**** Information supplied ****

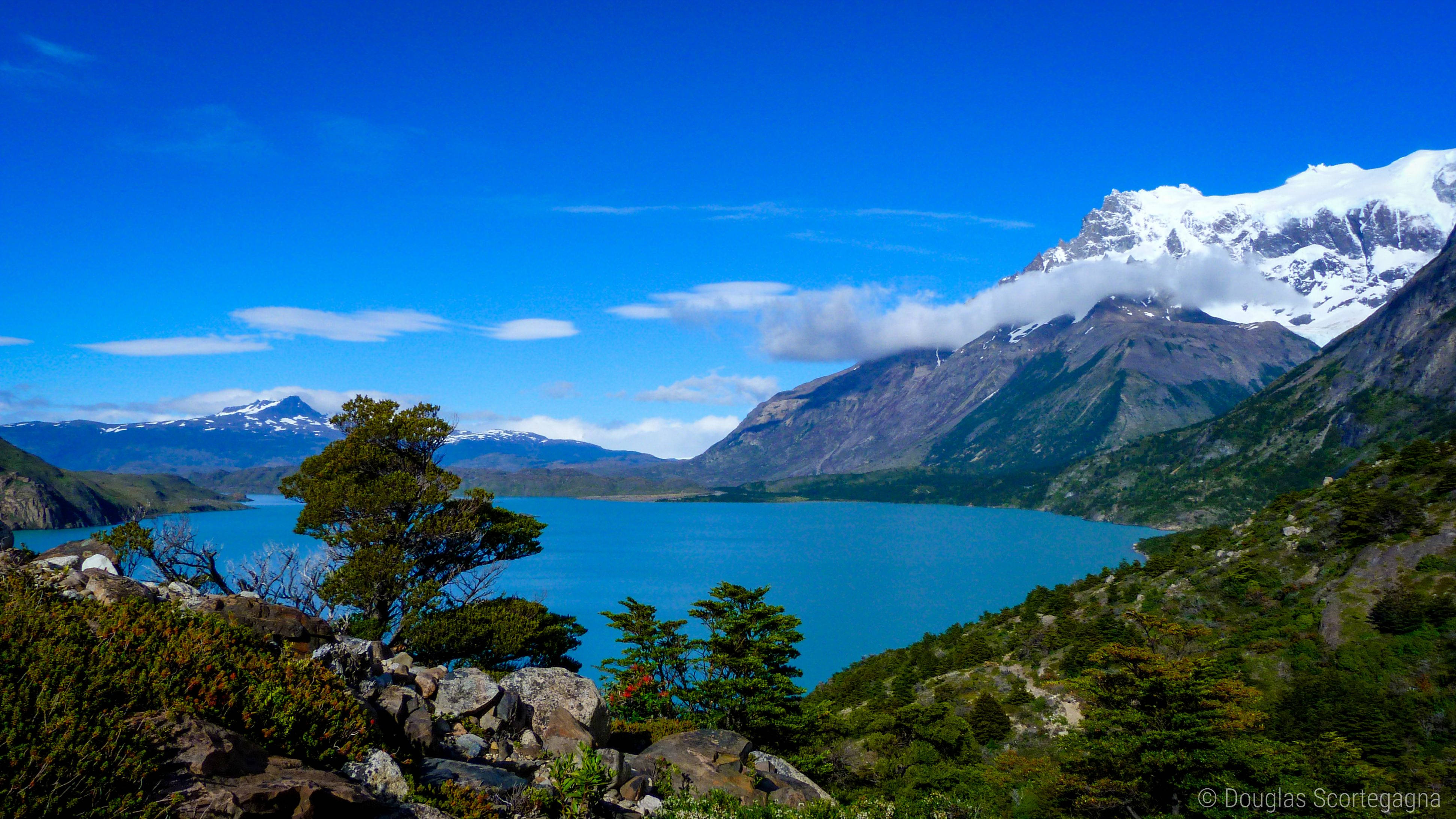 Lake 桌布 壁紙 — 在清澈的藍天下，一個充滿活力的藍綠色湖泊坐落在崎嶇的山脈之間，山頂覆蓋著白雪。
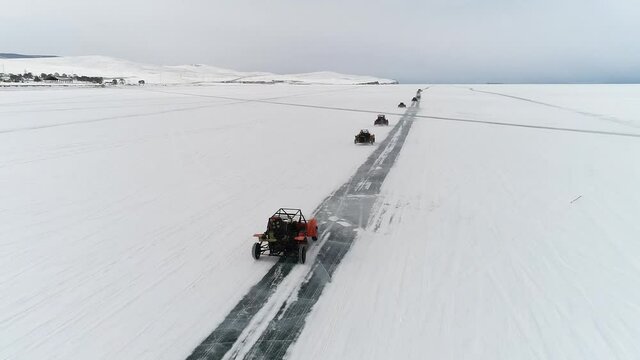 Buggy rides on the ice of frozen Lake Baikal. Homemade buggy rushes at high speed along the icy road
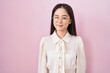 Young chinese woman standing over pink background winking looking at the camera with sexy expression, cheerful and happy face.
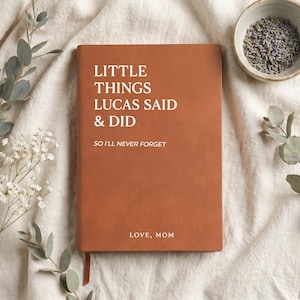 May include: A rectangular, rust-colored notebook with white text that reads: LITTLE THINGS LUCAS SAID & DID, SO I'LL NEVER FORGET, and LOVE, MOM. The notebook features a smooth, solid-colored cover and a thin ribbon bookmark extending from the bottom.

****

▶ [Problem]: Give again, exactly, the lines from the start of the data through the one holding "Young chinese woman"; omit the pictures.

▶ [Output of the task]:
 Lake 桌布 壁紙 — 在清澈的藍天下，一個充滿活力的藍綠色湖泊坐落在崎嶇的山脈之間，山頂覆蓋著白雪。
 Buggy rides on the ice of frozen Lake Baikal. Homemade buggy rushes at high speed along the icy road
 Young chinese woman standing over pink background winking looking at the camera with sexy expression, cheerful and happy face.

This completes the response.